[Information provided Boundary: Start]
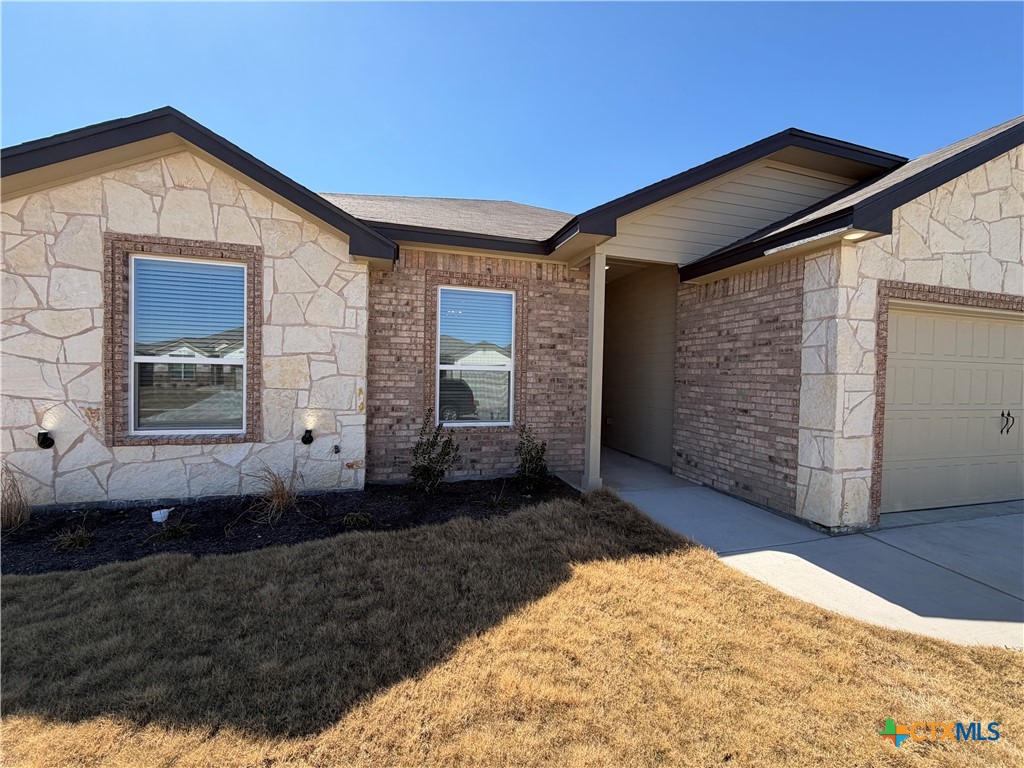 3008 Seeker Street Killeen, TX 76549 - Photo 3 of 25 a front view of a house with a yard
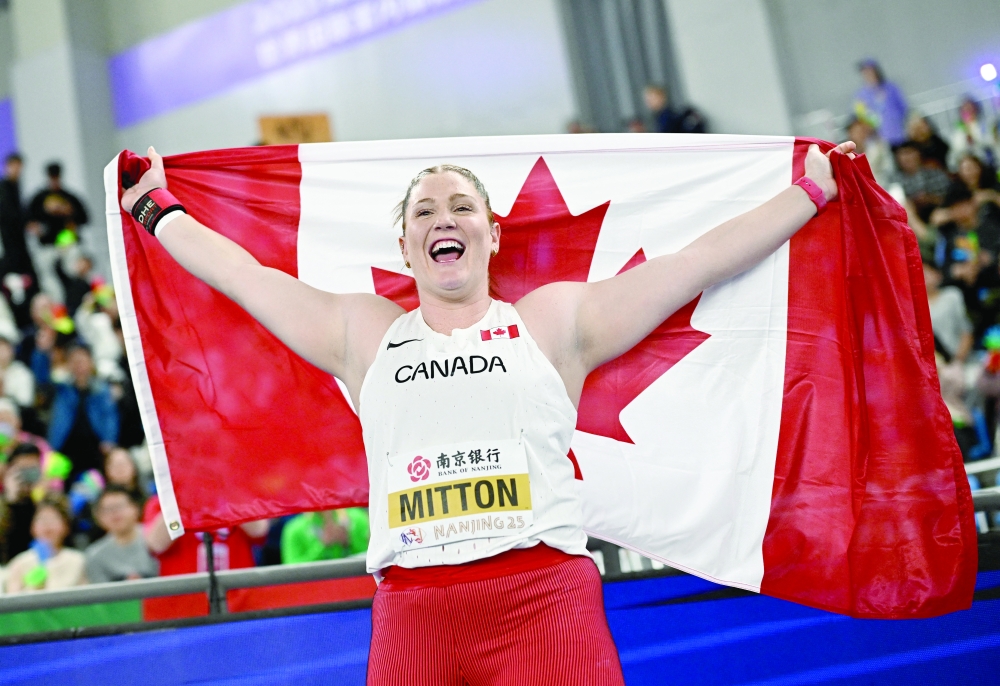 Canada's Sarah Mitton celebrates winning the Women's Shot Put Final.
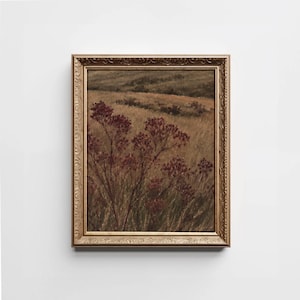 May include: A framed landscape painting featuring dark red wildflowers in the foreground set against a field of golden-brown grasses and rolling hills in the distance. The artwork is enclosed in an ornate, metallic gold-toned rectangular frame.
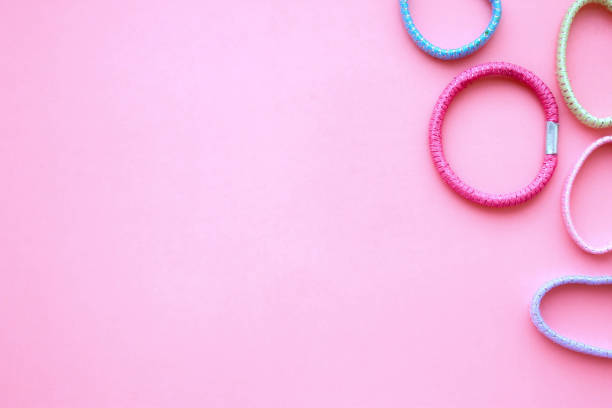 istock Elastic hair bands on pink background with free space 951209472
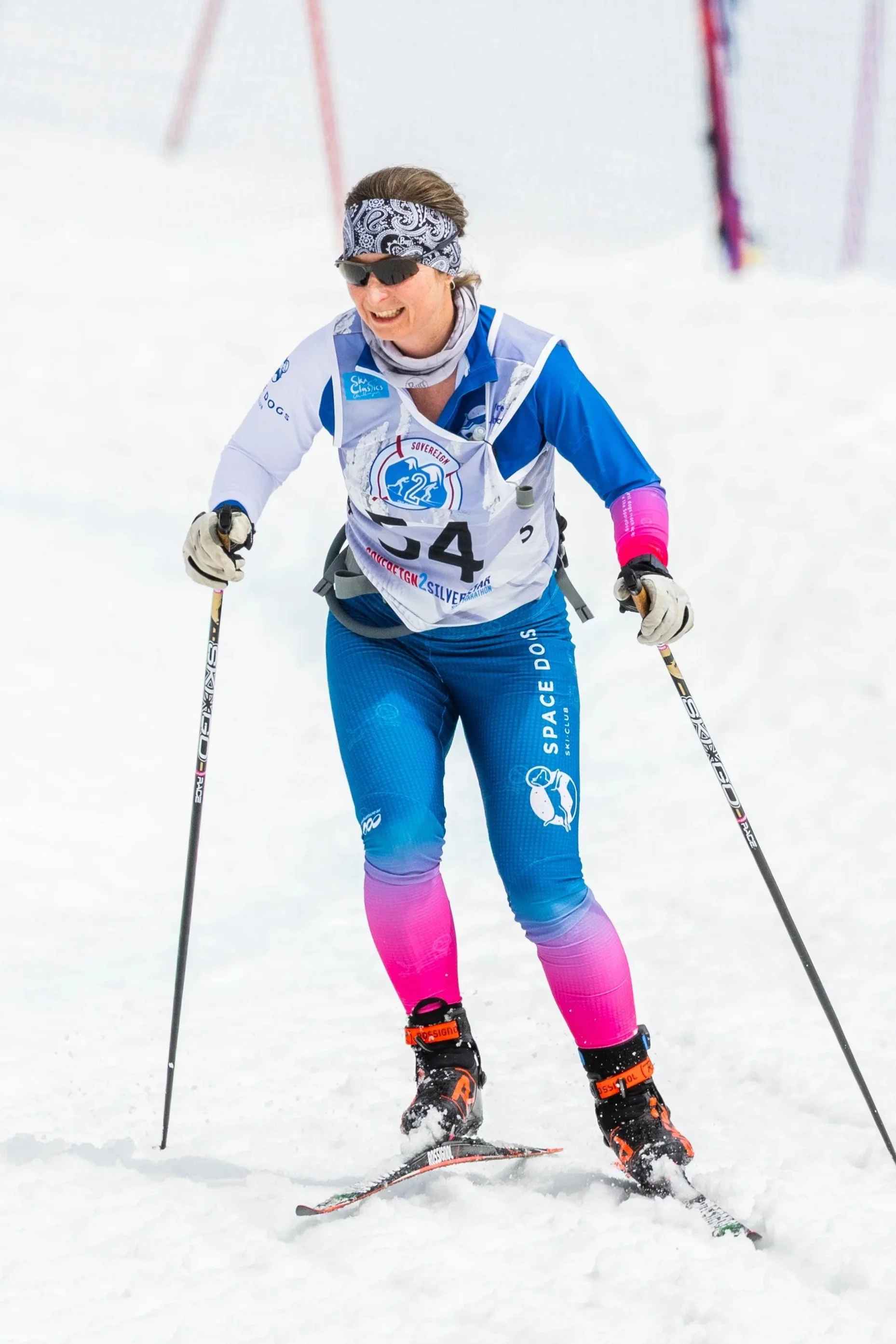 A woman dressed in athletic winter gear, holding a small container, standing on snow with skis, in a snowy mountainous forest.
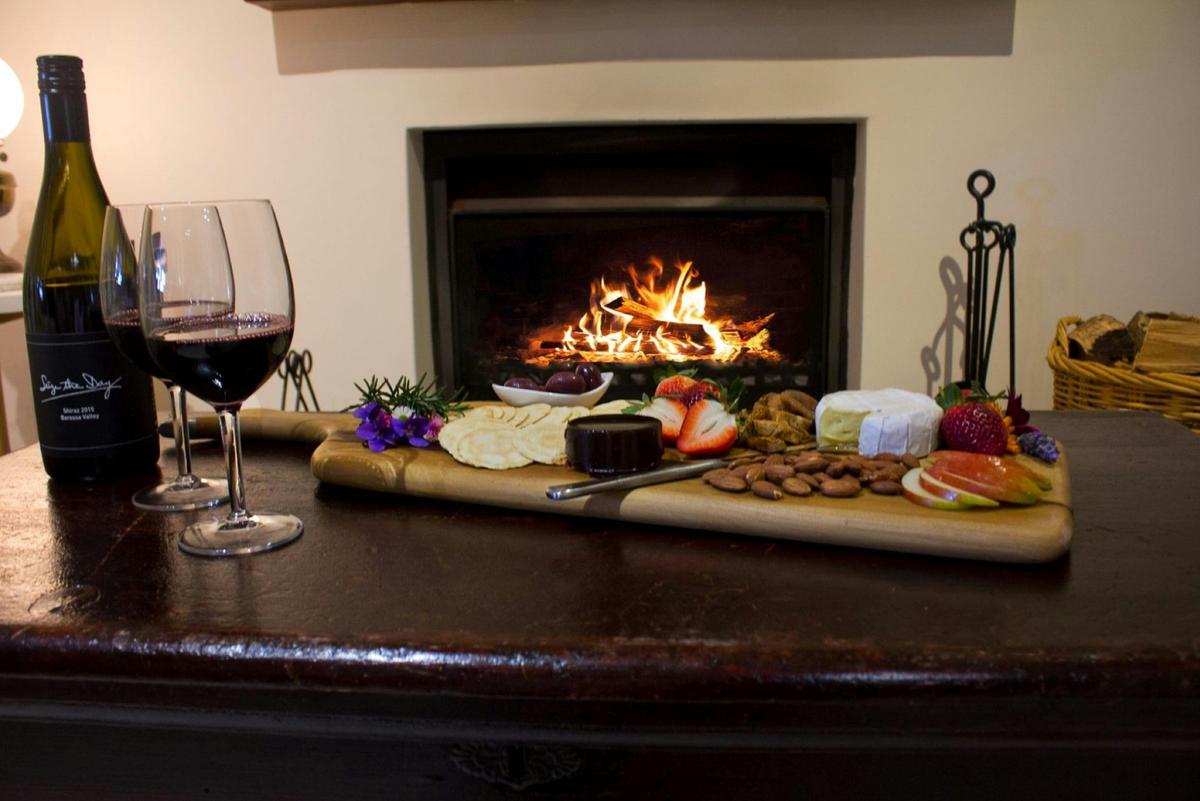 Enjoy a grazing platter and wine in front of the fireplace
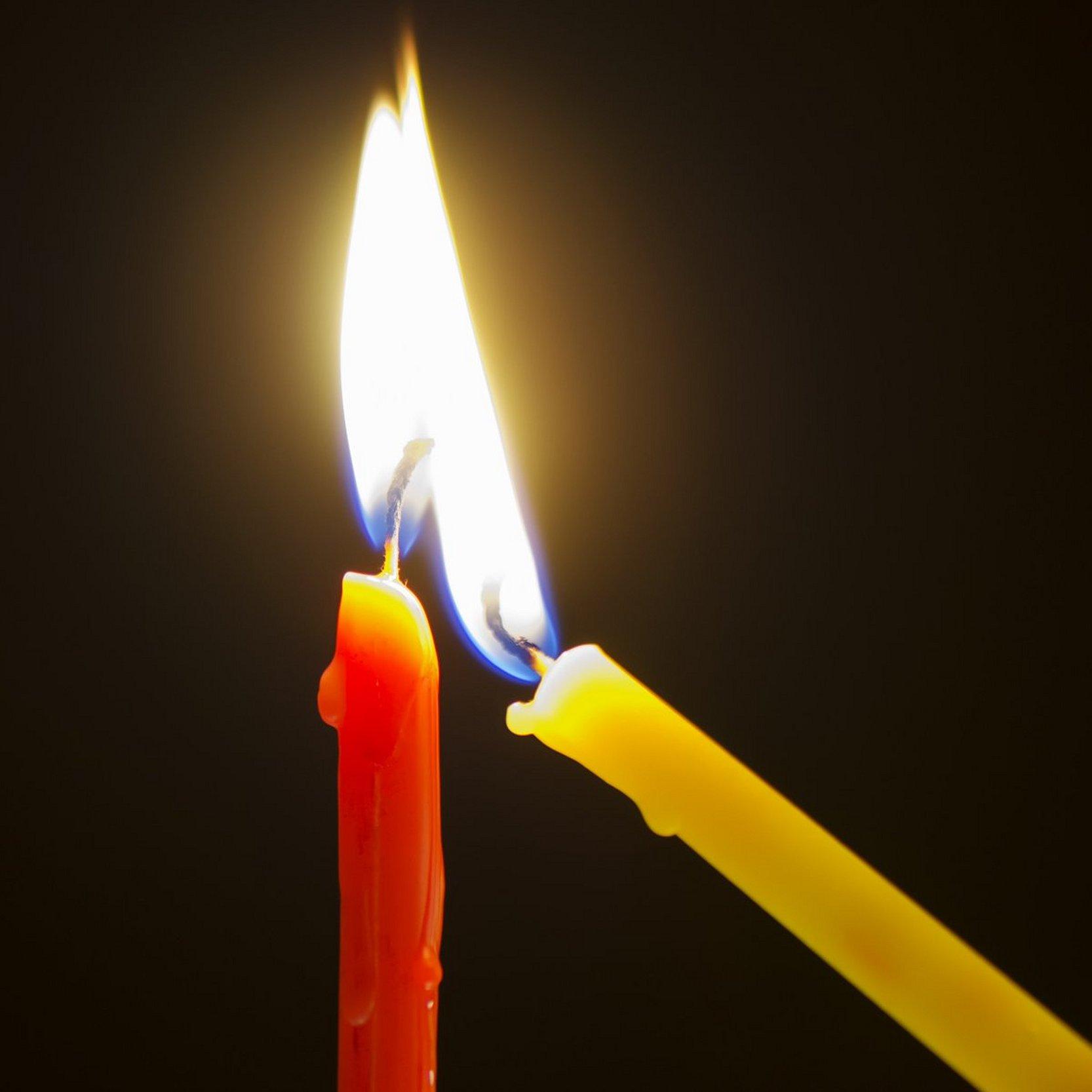 Eine gelbe schmale Kerze wird an einer roten schmalen Kerze angezündet.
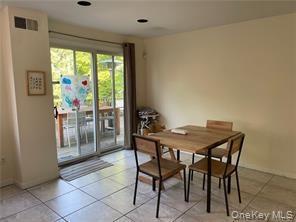 Large  kitchen dining area access to deck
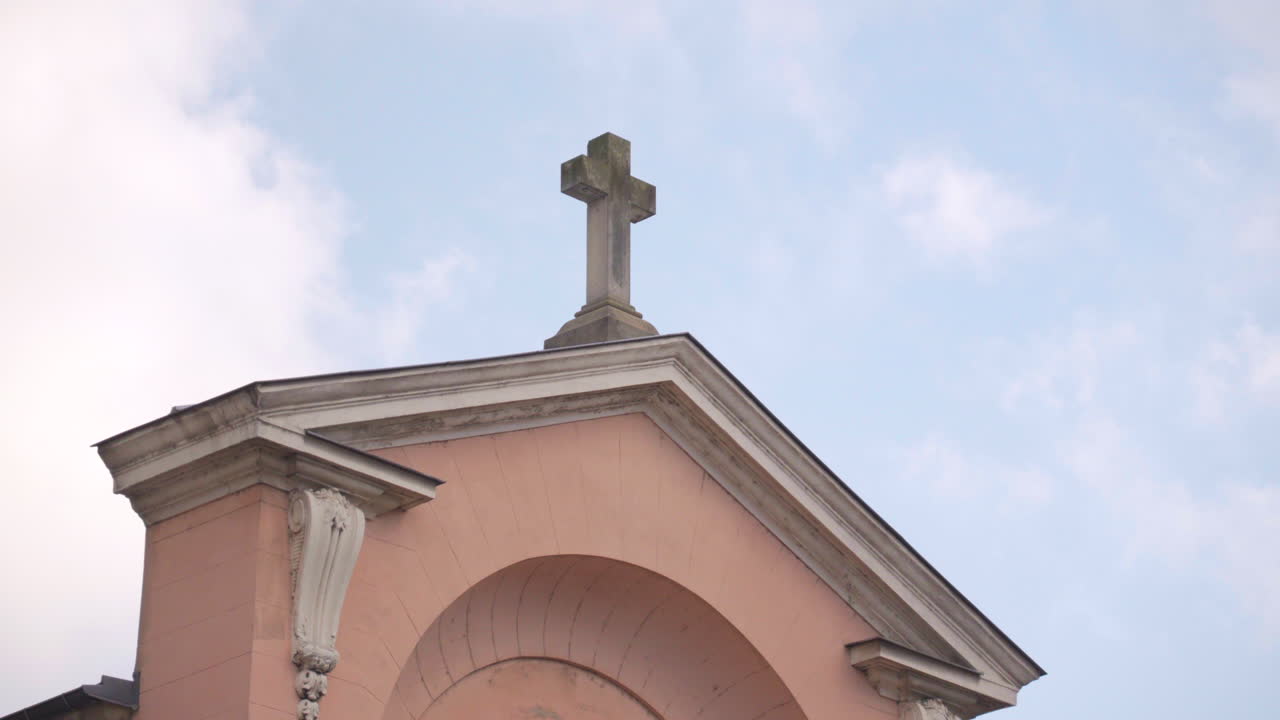 Close-up of the cross above the door of Sainte Geneviève Church in Asnières-sur-Seine. The cross is illuminated, with its silhouette visible against the cloudy sky.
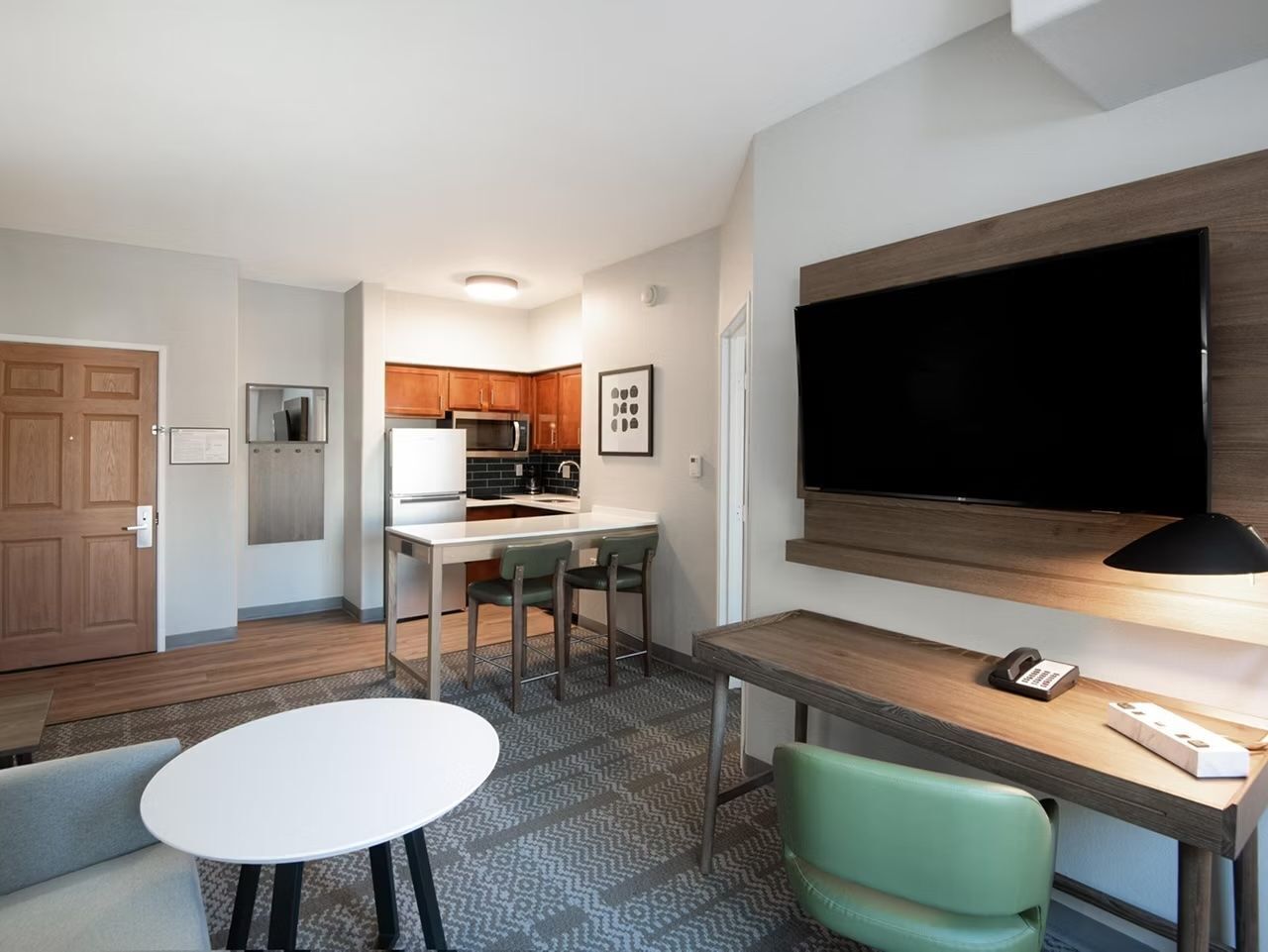 A compact hotel room with a kitchenette, a dining area with a table and chairs, a TV mounted on the wall, and a desk with a lamp.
[Information provided Boundary: End]
• **What the task requires**
The answer must be an exact copy of the lines from the one with "Enjoy a grazing" through the final line above, both ends included, and nothing else; pictures stay out.

• **Solution for this exercise**
 Enjoy a grazing platter and wine in front of the fireplace
 Eine gelbe schmale Kerze wird an einer roten schmalen Kerze angezündet.
 Large  kitchen dining area access to deck
 Close-up of the cross above the door of Sainte Geneviève Church in Asnières-sur-Seine. The cross is illuminated, with its silhouette visible against the cloudy sky.
 A compact hotel room with a kitchenette, a dining area with a table and chairs, a TV mounted on the wall, and a desk with a lamp.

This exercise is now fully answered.